Motor neurons are almost unique in that the body cannot replace them past some point in embryonic development, because the information on how to get from Point A to Point B has gotten out of range. This is one reason why research based on anything resembling embryonic conditions (for example in vitro) usually leads to completely wrong conclusions regarding therapeutic potential. The problem faced in embryonic development with all the rapid multiplication of cells going on, is how to recognize and get rid of motor neurons that are failing to get connected right!

Now that we're adults, we have this problem: the whole biological pile we've got now is based on general principles that for the sake of simplicity don't do a good job of recognizing that motor neurons are a special case that should be treated gently. And,(like it or not) Darwin's Law dictates that we really have to sacrifice our butts and get the hell out of the way so that the next generation can do their jobs without us getting in the way. When you look at the whole thing from an evolutionary perspective, the surprising thing is that motor neuron disease isn't more common. 
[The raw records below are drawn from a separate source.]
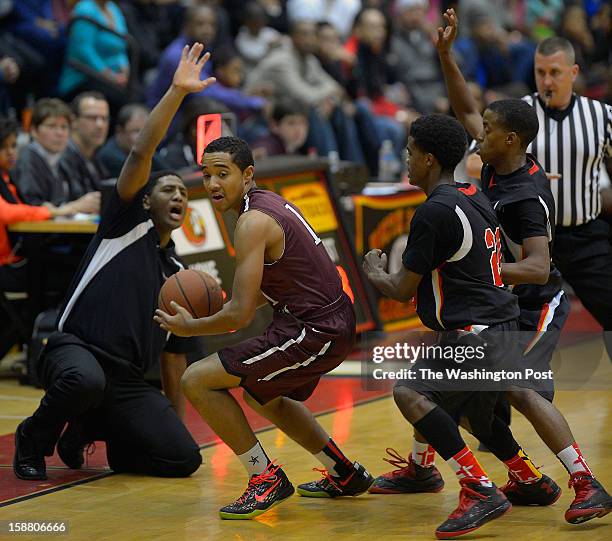 North Point's head coach Jimmy Ball, left, shouts instructions as Sidwell's Aaron Washington, center left, works his way throught the defense of...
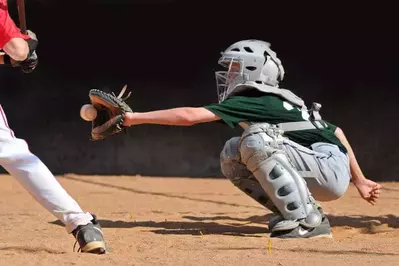 Teenage catcher catching a baseball.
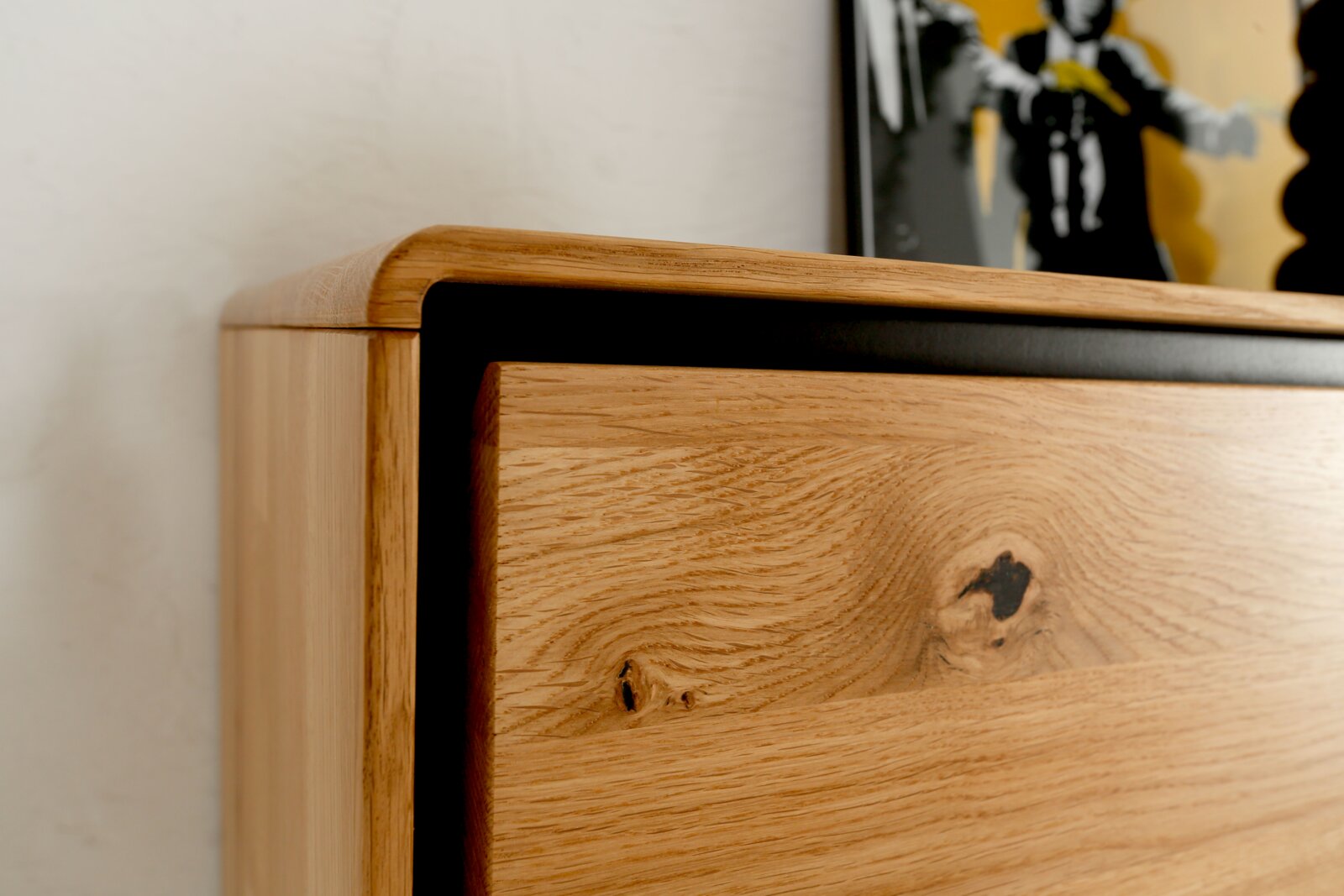 Landscape Wandcombinatie BRIXEN Close-up van de linkerbovenhoek van een bedframe van massief hout (eiken) met zichtbare nerf en knoest, licht schuin van voren gefotografeerd.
Looking into it more deeply from an evolutionary perspective, the mitochondrion is a specialized organelle the job of which hasn't changed much since the Precambrian. It's protected from getting screwed up by inheritance through the egg (maternal line), exempting it from the rapid evolution (and vast array of genetic mistakes) produced by sexual reproduction. What I just described isn't 100% true, but it's a very useful explanation. Without the bacterial contribution to genome but lurking outside the path of sexual reproduction, no animals: animation requires energy, and it was a bacterium that provided the key that unlocked efficient high-intensity redox.

* * * * * * *

 

A supposed therapeutic that incites a severely stressed mitochondrion to fission, will likely kill the mitochondrion and accelerate the disease process. That's why I'm wary of PQQ as a motor neuron disease therapeutic. Whaddayawanna bet that some antibiotics kill off bacterial infections in just this way-- by forcing fission under conditions that are unfavorable to fission? 
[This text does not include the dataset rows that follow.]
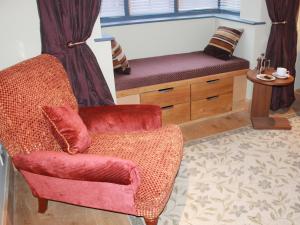 a living room with a chair and a bench at The Lodge at Hemingford Grey House in Hemingford Grey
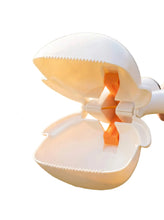 Close-up of portable dog poop scooper with wide serrated jaws and spring-loaded grabbing mechanism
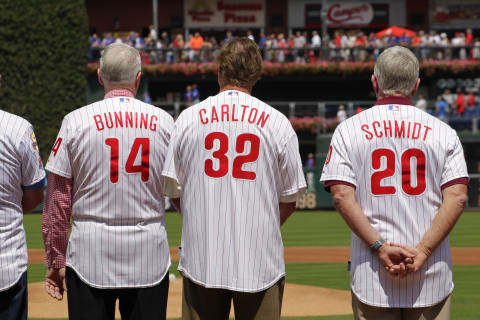 PHILADELPHIA – AUGUST 10: (L-R) Phillies Alumni and Hall of Famers Jim Bunning, Steve Carlton, and Mike Schmidt stand on the field during a pre game ceremony before a game between the Philadelphia Phillies and the New York Mets at Citizens Bank Park on August 10, 2014 in Philadelphia, Pennsylvania. The Phillies won 7-6. (Photo by Hunter Martin/Getty Images)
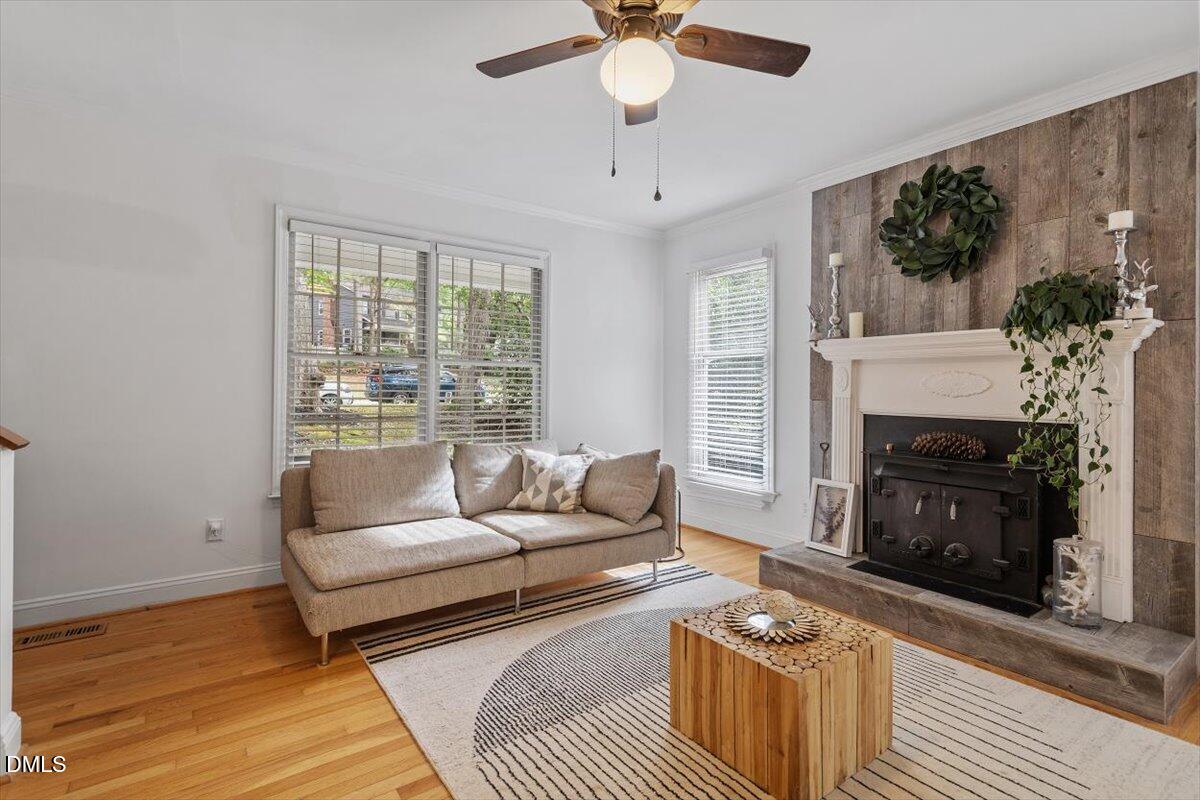 1007 Castalia Drive Cary, NC 27513 - Photo 6 of 30 a living room with furniture and a fireplace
On the other hand, suppose that stem cells could either secrete factors that restore stressed motor neuron mitochondria to health, or better yet inject newfangled progenitor mitochondria into motor neurons? Can stem cells do such things? I don't know, but at least now we're talking about actually curing a key aspect of motor neuron disease, and not just propping up a failing system for a few more weeks or months.